Start of Data for processing
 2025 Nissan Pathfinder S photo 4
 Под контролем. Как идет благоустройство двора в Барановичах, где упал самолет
End of Data for processing
Start of Data for processing
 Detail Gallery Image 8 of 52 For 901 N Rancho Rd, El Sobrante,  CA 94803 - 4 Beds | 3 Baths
End of Data for processing
Start of Data for processing
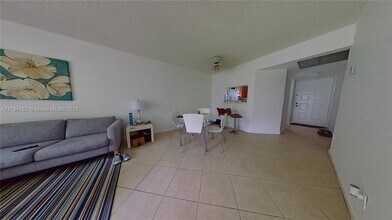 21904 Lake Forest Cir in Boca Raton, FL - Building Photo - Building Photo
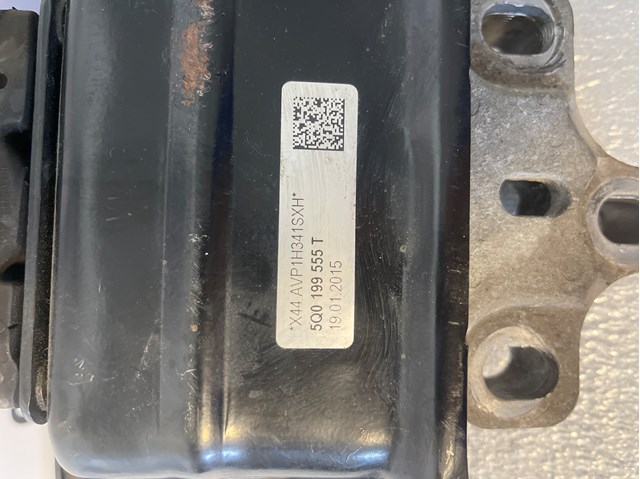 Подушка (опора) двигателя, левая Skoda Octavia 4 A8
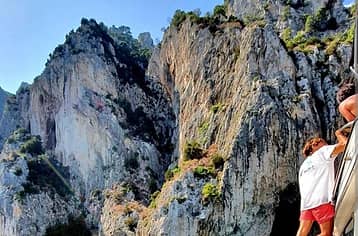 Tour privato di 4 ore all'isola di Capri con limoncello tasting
End of Data for processing
Everything above from the line that has "Подушка (опора) двигателя, левая" down to the line that has "Tour privato di" should be output exactly, with both of those lines included. Leave the pictures behind.

Answer for this exercise:
 Подушка (опора) двигателя, левая Skoda Octavia 4 A8
 Tour privato di 4 ore all'isola di Capri con limoncello tasting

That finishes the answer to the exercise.